Data items
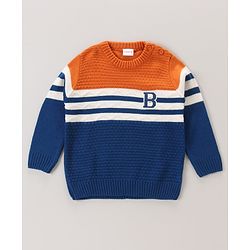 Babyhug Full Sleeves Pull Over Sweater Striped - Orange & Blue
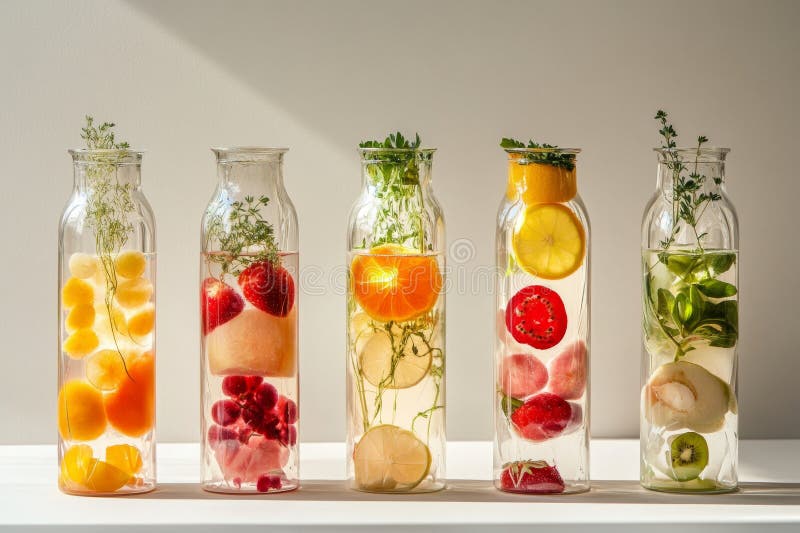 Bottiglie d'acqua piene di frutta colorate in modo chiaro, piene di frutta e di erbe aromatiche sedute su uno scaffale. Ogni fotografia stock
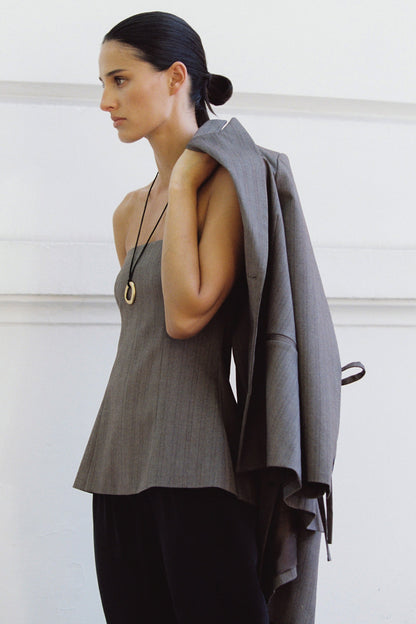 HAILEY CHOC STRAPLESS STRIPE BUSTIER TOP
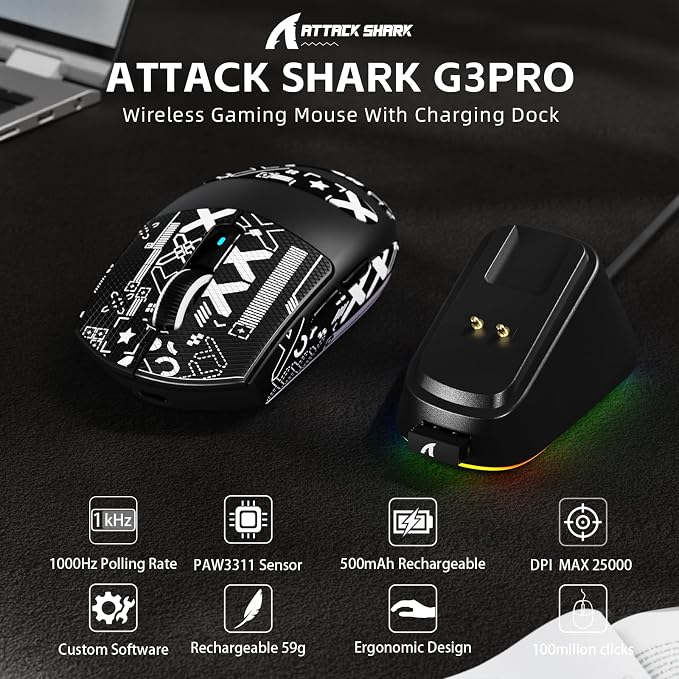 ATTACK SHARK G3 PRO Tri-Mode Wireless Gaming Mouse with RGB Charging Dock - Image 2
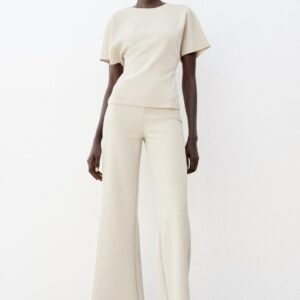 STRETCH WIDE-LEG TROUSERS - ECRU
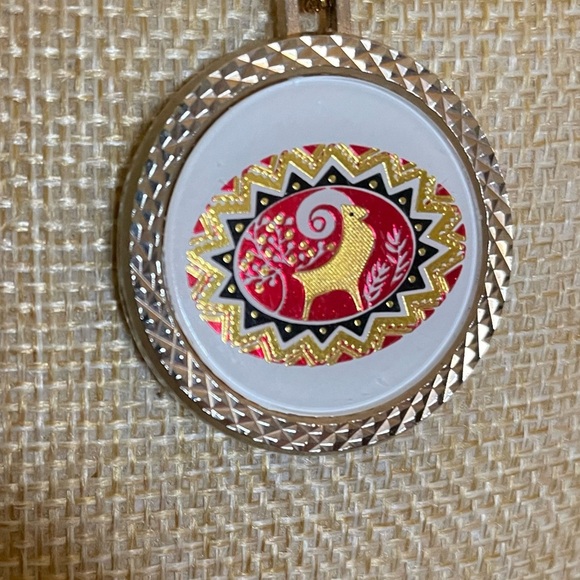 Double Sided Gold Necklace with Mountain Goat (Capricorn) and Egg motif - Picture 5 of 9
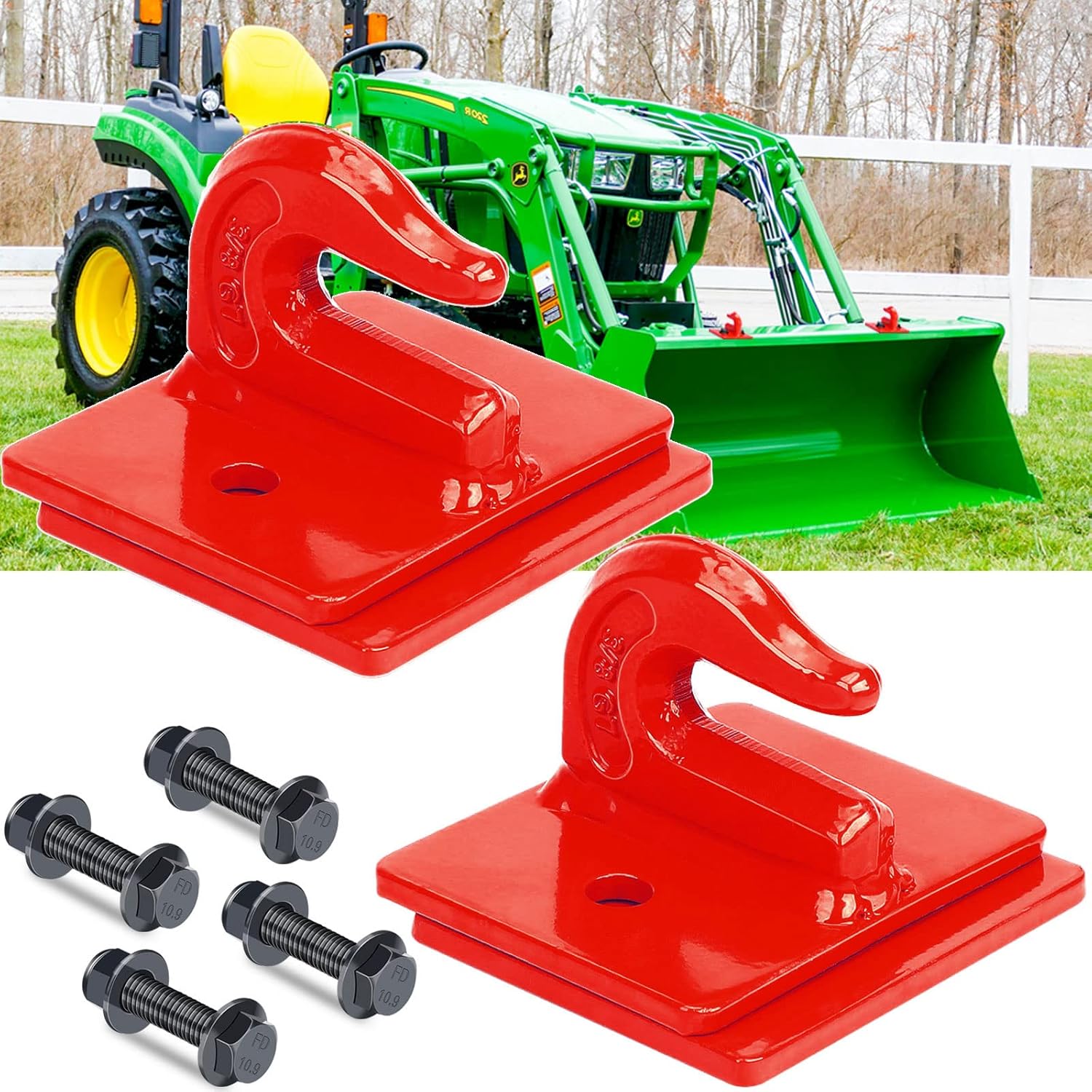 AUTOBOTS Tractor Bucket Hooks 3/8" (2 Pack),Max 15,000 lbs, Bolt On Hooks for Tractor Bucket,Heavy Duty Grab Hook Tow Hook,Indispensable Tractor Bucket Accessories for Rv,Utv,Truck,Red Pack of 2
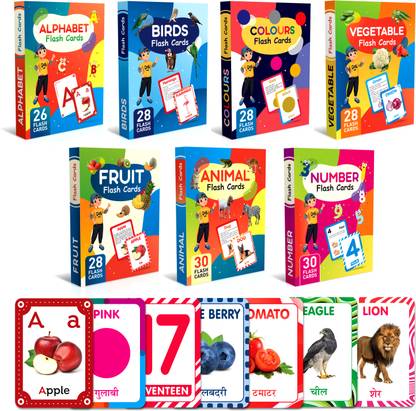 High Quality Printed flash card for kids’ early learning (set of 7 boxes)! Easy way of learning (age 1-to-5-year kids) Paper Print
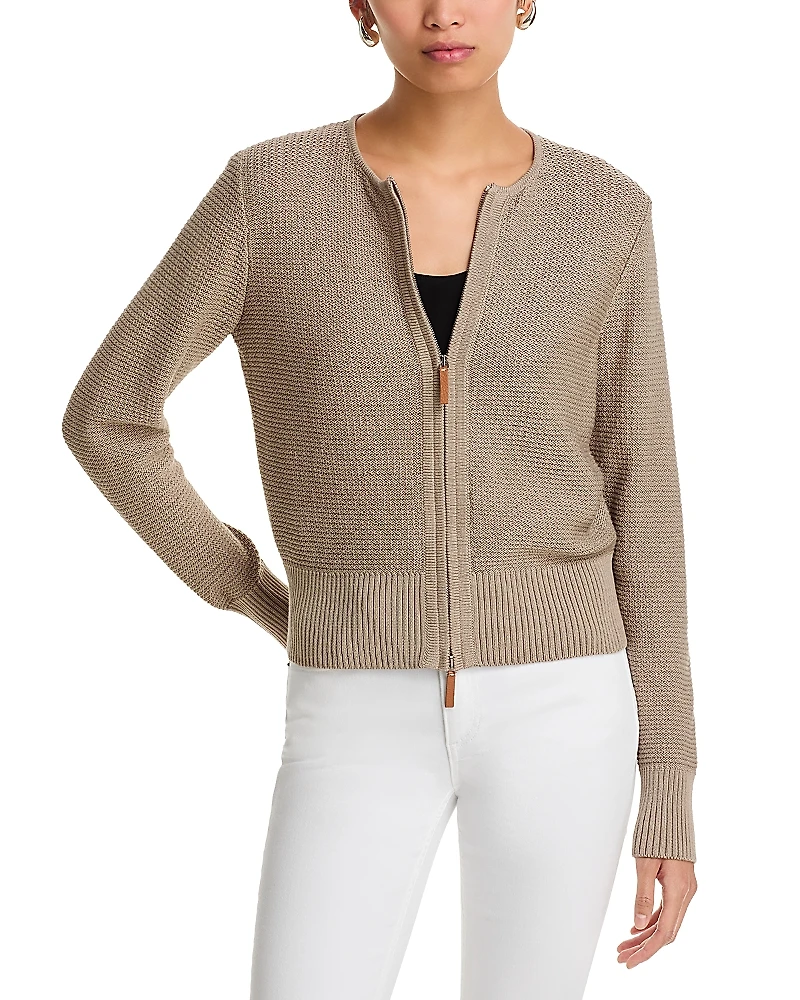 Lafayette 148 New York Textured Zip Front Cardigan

§ Task objective
Leave out the pictures and return every record word for word.

§ Answer
 Babyhug Full Sleeves Pull Over Sweater Striped - Orange & Blue
 Bottiglie d'acqua piene di frutta colorate in modo chiaro, piene di frutta e di erbe aromatiche sedute su uno scaffale. Ogni fotografia stock
 HAILEY CHOC STRAPLESS STRIPE BUSTIER TOP
 ATTACK SHARK G3 PRO Tri-Mode Wireless Gaming Mouse with RGB Charging Dock - Image 2
 STRETCH WIDE-LEG TROUSERS - ECRU
 Double Sided Gold Necklace with Mountain Goat (Capricorn) and Egg motif - Picture 5 of 9
 AUTOBOTS Tractor Bucket Hooks 3/8" (2 Pack),Max 15,000 lbs, Bolt On Hooks for Tractor Bucket,Heavy Duty Grab Hook Tow Hook,Indispensable Tractor Bucket Accessories for Rv,Utv,Truck,Red Pack of 2
 High Quality Printed flash card for kids’ early learning (set of 7 boxes)! Easy way of learning (age 1-to-5-year kids) Paper Print
 Lafayette 148 New York Textured Zip Front Cardigan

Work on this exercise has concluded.